Keeping Real Estate Investing Simple

Real estate investing can be a sure way to wealth as long as you make sure that you are not getting overextended. Real estate returns on investment have remained higher than stock market returns year after year despite the recession. Another great thing about real estate investments is that even if you are upside down on an investment that investment can still pay you steady monthly income. Real estate is virtually the only investment in which other people pay off your principle.

As good as all of this sounds you still must realize that there is risk involved in any investment scheme and anyone who tells you differently is attempting to pull the wool over your eyes. What you can do to make sure that you are taking as calculated a risk as possible is do your research and run all of your numbers.

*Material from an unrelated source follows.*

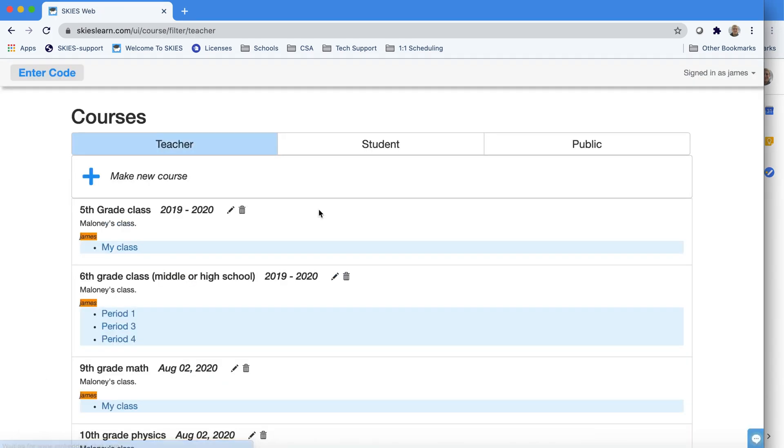Here I'm just logging in like I normally do with Continue with Google, and I have my last year's class from 2019-2020.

This is a business where details matter. If you are not the type that puts much stock into analyzing details you may want to find another avenue to wealth. I believe in keeping things simple and in this case that means, make your money when you buy. This essentially means do your math and make sure that barring any wild market fluctuations you could easily get rid of your property at a profit.

The first step is to find a good property and make sure that it is financially feasible. If you had zero income off of this property would you be able to stay afloat for at least six months? Too many people have jumped into real estate investment without adequate reserves and been served a harsh dose of reality.

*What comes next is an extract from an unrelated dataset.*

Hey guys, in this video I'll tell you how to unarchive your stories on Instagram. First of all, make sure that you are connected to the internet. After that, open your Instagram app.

Next, make sure that your monthly income will provide an acceptable amount of cash flow. Your magic number is entirely up to you but it should be positive. Never, let me repeat myself, never, settle for negative cash flow. There are too many good deals out there even in sellers markets to settle for negative cash flow.

Keep these simple tips in mind when analyzing real estate investments and be prepared to walk away from a deal that isn’t as good as it originally seemed.